::: DATASET ENTRIES

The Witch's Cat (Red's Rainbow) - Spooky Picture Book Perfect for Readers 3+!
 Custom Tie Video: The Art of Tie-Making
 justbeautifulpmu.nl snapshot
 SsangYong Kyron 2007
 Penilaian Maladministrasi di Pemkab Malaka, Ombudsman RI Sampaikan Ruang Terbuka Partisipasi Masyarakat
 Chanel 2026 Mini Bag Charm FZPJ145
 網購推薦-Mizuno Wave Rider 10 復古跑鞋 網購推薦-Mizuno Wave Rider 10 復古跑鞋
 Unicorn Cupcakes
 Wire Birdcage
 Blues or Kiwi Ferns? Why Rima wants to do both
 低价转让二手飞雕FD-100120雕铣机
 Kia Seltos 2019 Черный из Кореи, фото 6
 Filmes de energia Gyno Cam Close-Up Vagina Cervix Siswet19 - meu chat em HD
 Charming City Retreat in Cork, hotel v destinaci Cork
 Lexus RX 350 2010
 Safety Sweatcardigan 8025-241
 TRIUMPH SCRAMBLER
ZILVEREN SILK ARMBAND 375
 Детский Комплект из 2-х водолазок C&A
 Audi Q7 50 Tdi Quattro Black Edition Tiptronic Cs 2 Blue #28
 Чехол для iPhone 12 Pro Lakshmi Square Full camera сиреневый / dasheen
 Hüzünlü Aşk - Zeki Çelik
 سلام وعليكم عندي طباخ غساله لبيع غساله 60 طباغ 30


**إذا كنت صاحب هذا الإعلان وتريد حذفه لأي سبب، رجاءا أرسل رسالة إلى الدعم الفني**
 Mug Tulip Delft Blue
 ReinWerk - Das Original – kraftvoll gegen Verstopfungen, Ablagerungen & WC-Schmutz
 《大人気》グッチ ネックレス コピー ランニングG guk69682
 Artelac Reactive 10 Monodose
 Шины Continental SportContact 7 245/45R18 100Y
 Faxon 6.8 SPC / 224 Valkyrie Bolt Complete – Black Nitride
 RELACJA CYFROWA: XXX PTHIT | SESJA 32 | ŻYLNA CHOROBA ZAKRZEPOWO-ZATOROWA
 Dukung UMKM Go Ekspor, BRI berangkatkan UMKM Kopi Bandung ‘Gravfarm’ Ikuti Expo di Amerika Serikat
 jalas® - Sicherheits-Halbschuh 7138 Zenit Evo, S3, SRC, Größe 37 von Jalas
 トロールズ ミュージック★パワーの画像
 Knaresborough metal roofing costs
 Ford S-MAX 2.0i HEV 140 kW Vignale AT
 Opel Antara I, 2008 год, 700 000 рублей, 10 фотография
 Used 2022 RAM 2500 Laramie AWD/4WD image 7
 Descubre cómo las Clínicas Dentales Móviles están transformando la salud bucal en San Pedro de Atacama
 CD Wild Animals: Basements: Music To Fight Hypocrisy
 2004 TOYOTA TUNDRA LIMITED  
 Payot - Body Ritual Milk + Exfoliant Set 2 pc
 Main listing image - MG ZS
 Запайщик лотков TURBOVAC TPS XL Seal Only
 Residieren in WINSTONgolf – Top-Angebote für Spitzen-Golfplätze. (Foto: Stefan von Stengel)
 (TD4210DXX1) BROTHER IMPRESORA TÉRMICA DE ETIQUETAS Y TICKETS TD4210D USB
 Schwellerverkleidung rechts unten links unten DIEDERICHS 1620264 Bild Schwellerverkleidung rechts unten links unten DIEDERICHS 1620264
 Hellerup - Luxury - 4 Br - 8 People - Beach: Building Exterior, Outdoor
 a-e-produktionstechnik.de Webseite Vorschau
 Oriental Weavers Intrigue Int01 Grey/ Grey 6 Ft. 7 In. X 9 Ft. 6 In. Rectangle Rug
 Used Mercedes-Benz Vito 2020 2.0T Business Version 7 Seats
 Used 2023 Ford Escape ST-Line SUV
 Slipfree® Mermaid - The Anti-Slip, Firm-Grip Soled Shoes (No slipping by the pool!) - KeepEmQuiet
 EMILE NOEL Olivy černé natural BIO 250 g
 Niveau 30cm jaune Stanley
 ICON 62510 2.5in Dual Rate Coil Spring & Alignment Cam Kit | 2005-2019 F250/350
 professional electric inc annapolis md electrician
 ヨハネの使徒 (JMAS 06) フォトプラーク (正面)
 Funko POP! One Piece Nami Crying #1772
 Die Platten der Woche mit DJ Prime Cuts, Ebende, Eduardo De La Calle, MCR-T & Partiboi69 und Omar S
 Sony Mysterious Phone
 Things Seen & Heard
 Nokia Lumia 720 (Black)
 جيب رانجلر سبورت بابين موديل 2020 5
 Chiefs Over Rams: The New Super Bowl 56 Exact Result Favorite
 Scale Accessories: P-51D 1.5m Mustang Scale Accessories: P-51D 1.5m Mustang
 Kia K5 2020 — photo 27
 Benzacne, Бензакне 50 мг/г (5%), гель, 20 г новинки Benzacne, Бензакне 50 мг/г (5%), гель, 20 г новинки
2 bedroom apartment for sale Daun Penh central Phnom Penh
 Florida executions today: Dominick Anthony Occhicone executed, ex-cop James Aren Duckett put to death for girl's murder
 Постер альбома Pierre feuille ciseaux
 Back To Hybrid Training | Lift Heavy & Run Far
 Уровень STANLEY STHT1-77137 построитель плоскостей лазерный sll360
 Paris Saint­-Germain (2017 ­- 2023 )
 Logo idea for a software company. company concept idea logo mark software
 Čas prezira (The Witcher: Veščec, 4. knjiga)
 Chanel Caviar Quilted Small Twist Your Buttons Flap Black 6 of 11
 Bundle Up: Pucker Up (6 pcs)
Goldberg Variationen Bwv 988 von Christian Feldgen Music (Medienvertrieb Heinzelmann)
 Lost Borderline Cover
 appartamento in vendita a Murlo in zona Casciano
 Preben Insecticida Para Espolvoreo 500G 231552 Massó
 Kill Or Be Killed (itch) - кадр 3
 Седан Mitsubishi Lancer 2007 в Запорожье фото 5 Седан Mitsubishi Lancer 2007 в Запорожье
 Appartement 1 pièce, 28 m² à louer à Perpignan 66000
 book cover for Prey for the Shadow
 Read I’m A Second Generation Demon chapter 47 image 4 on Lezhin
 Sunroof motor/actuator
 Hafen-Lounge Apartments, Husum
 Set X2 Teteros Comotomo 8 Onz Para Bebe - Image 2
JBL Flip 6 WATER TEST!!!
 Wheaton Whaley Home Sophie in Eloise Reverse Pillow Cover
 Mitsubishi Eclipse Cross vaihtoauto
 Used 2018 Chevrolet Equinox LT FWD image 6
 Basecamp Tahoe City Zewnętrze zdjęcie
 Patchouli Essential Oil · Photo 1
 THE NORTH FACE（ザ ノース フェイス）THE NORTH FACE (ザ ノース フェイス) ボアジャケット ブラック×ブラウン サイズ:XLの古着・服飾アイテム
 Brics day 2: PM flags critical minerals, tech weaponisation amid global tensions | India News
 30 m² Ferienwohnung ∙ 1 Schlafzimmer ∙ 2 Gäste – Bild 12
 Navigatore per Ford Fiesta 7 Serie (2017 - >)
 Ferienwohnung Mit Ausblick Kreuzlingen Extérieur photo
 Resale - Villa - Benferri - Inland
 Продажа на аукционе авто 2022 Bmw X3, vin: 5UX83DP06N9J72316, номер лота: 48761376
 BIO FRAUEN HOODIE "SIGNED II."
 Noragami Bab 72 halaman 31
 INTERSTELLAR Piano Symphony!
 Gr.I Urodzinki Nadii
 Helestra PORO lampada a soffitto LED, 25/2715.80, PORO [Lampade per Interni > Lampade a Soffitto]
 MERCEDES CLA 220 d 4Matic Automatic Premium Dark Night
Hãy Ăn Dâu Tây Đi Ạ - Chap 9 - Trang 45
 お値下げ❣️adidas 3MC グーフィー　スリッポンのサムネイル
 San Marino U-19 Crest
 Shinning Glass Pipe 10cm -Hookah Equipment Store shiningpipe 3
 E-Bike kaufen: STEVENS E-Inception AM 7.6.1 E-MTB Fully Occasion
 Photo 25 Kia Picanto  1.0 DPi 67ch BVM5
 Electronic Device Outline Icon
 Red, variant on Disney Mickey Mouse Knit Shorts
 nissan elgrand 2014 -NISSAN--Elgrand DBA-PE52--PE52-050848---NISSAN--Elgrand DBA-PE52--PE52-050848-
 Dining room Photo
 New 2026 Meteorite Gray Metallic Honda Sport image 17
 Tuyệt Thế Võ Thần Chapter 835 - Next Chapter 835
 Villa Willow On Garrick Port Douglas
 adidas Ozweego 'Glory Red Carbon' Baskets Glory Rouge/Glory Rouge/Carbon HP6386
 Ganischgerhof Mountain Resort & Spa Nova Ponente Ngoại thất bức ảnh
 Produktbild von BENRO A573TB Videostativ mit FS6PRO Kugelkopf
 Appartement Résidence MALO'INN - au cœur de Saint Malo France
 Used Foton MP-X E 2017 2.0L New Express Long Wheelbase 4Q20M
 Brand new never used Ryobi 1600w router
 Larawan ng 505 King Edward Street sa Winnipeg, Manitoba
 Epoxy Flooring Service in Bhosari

::::::

# TASK OBJECTIVE
Give the total number of lines in the entries that contain the word "Ferienwohnung", with no other words.

# REPLY
2